Which is somehow important to me now that we have been homeless for almost 2 months.
Homeless is not even the right word.
We have a home. It’s about 4,600 miles away.
It’s where my husband and 3 of my kids are.
And for the first time in our lives we have been divided not because of military service such as a deployment… but because the Passport office insists that a certain person who has never had an interest or participated in the life of a child they helped to make has to give legal permission for our family to be reunited.
So we tracked him down and now we are preparing to go do battle in the courts.
Yesterday I received some soul crushing information.
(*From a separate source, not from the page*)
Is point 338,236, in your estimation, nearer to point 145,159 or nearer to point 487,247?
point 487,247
It is more than likely we will go to court Dec 3rd and forfeit our plane tickets for traveling on accompanied orders.
While I understand that Space-A flights is an option for us after that, it does not mean that there is any certainty that there is availability… or that spaces aboard random planes are comfortable.
There probably isn’t anything I wouldn’t step in that a little duck tape can’t fix.
Yes I know. I will be grateful for whatever we can get, but this is Lil Man’s first flight.
Sometimes he has issues getting into an elevator…
My best plan so far is to keep treating everything as an adventure.
So far it’s working. It keeps our minds off of our forced separation.
But the unavoidable issue of the holidays is becoming grim…
Not only will we face the holidays without the comforts of our family… 2 birthdays, a Thanksgiving, and possibly Christmas
We will be “homeless” during the holidays.
While I am pretty sure our family can face anything together even if it meant camping in the woods indefinitely… I am hesitant to use the word homeless. Given the stark nature of the number of actual homeless families and vets wandering the streets, who have lost everything including their hope… I feel it is wrong to use the word in my situation.
Especially when so many friends and family members has opened their doors to us in our time of need.
Especially because we may not know when this separation will end, but we do know that it WILL end.
Maybe the word for us is Housing Opportunist?
There is something about giving up your possessions and becoming wanderers of the earth.
I’ve always wanted to be a wandering gypsy… just something I wanted to do on my own terms.
Until the next update I will raise my glass and keep looking for reasons to smile!